Ada banyak alasan untuk seseorang merusak kepercayaan, salah satunya adalah ketidaksetiaan dalam hubungan cinta maupun pertemanan. Ketika seseorang memanipulasi kepercayaan demi kepentingan sendiri, saat itulah muncul pengkhianatan.
Setiap orang yang pernah mengalami pengkhianatan dalam hubungan dapat setuju bahwa pengkhianatan bukanlah hal terbaik bagi seseorang.

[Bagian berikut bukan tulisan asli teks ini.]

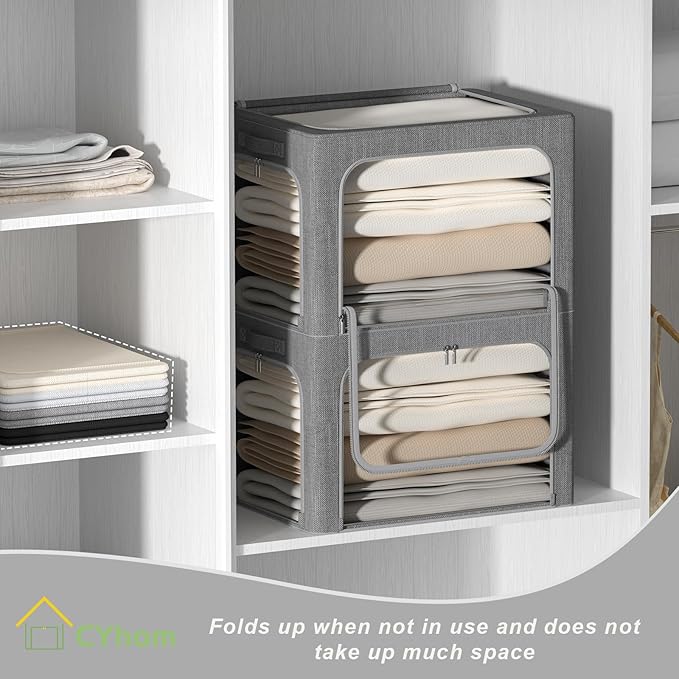 3Pack Stackable Foldable Storage Bin - Metal Frame Storage Box Clothing Storage Organizer with Clear Window, Carry Handles (66L-19.7x15.7x13in, Dark Grey)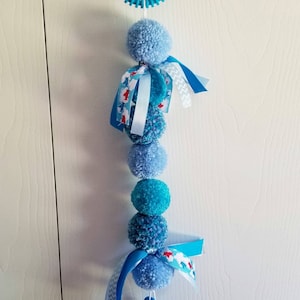 Stroller Garland, Stroller Accessories, Pink Pom Pom Garland, Blue Garland, Stroller Tag, Stroller Banner, Pom Pom Garland, Stroller Decor bild 10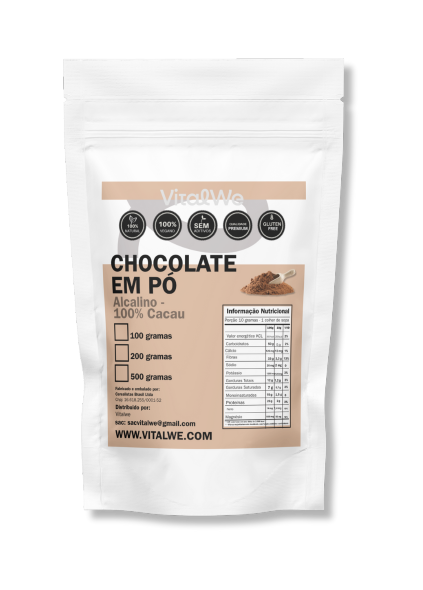 Cacau em Pó Alcalino (100% cacau, sem açúcar) 200g Vitalwe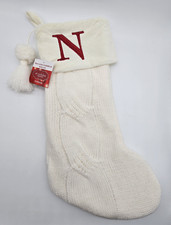 Christmas Stocking St. Nicolas Square Ivory Initial Monogram Letter "N" Faux Fur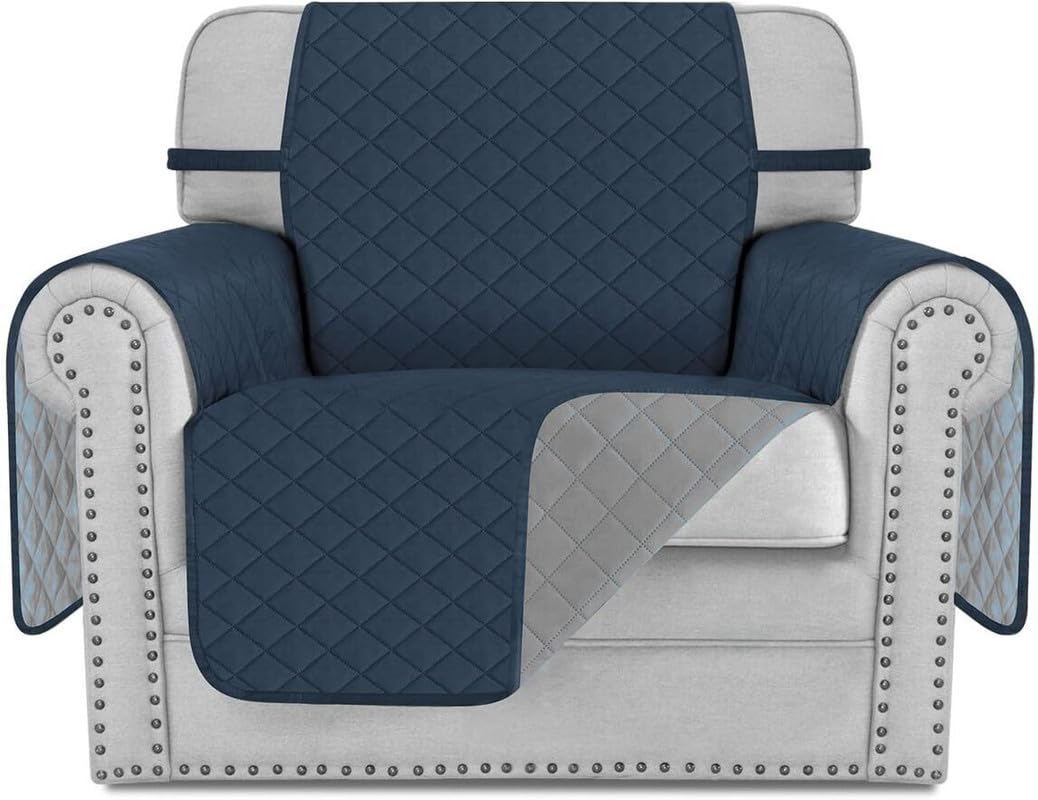 CULTIVER Single Seater Reversible Quilted Sofa Cover, 1 Seater Sofa Cover for Living Room/Drawing Room, Washable with Straps. Useful with Kids, Dogs, Pets (One Seater, Blue and Grey Color) (B0CFBV3Q3K) Amazon Price History, Amazon Price Tracker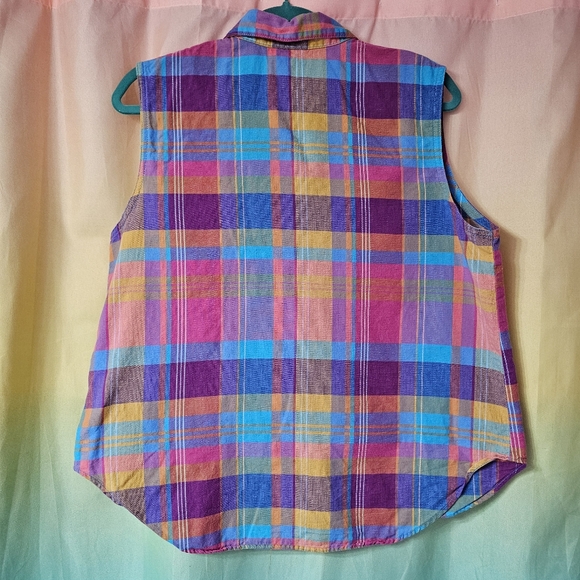 Vintage Bobbie Brooks 80's / 90's Chic Sleeveless Button Up Shirt - Picture 5 of 9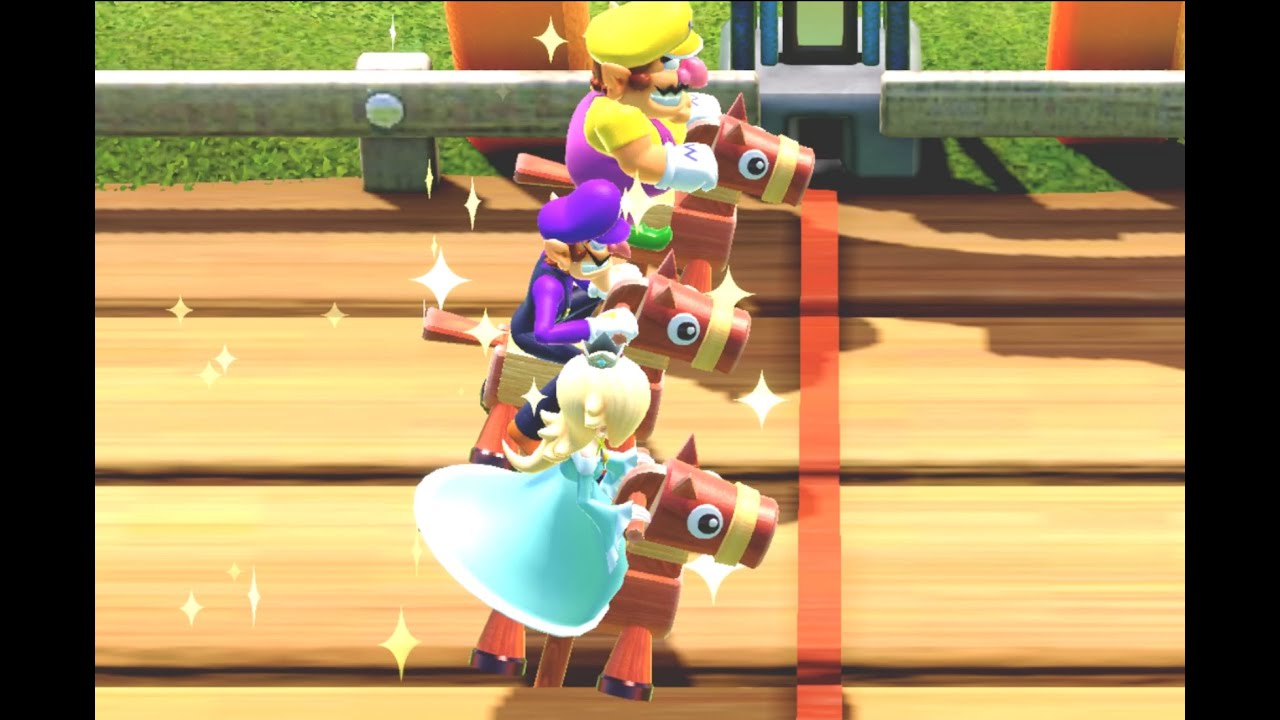 Mario Party Superstars - All High - Score Minigames - Waluigi is a snowboarding God! (Master CPU)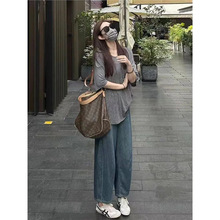 春秋韩系梨形身材微胖女生穿搭款新款阔腿牛仔裤女高腰弯刀香蕉裤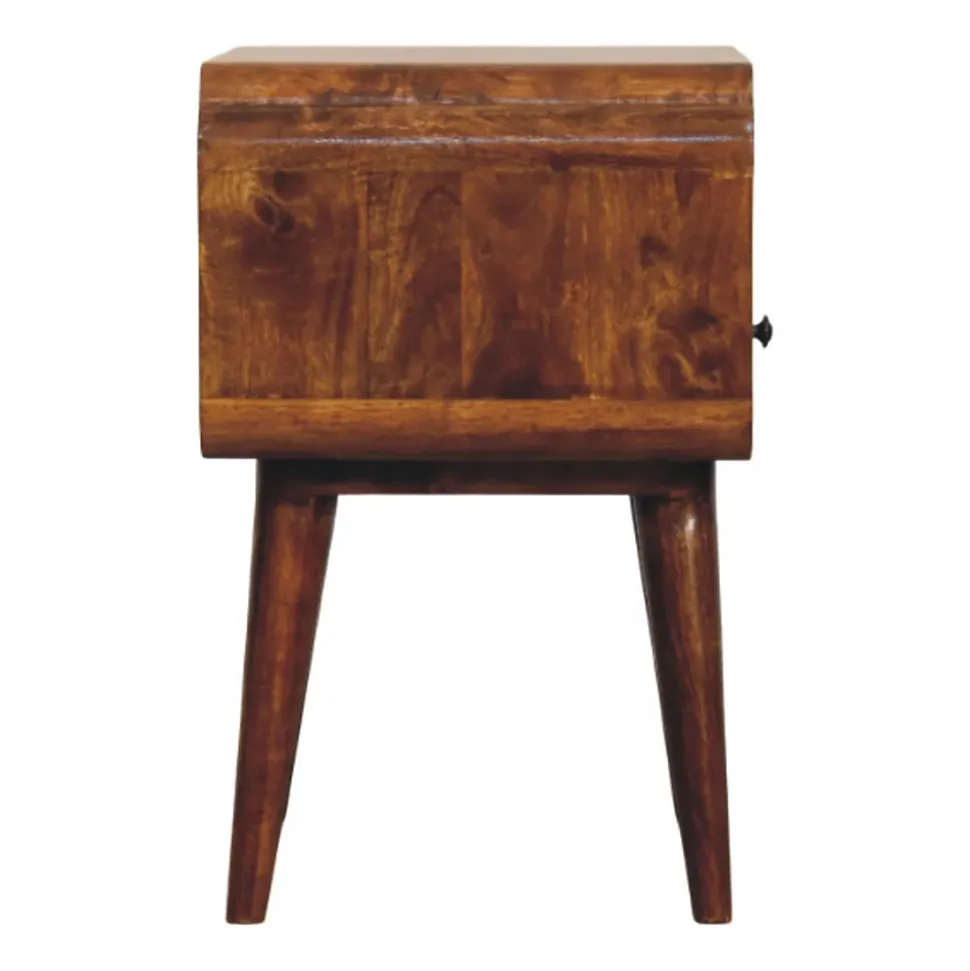 Artisan Furniture Table de chevet Newton en bois massif de châtaignier, 1 tiroir et étagère ouverte, brun foncé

Ketika harus memahami apa arti pengkhianatan sebenarnya, penting untuk diketahui bahwa pengkhianatan dapat terjadi dalam berbagai bentuk.
Umumnya, pengkhianatan dalam suatu hubungan terjadi ketika ada pelanggaran pasangan dan masalah kepercayaan, yang menghasilkan konflik moral-psikologis dalam hubungan timbal balik.
“Saya tidak pernah bisa memahami mengapa karyawan yang saya percaya tega berkhianat,” kata seorang bapak. “Kami telah memberikan kepercayaan sepenuhnya kepada mereka namun ternyata mereka malah bersengkongkol mengambil barang-barang milik perusahaan. Mereka seakan tidak memikirkan kelangsungan kehidupan mereka, dengan merampok perusahaan ini, mereka sebenarnya sedang menyiapkan peti mati bagi kehidupan mereka.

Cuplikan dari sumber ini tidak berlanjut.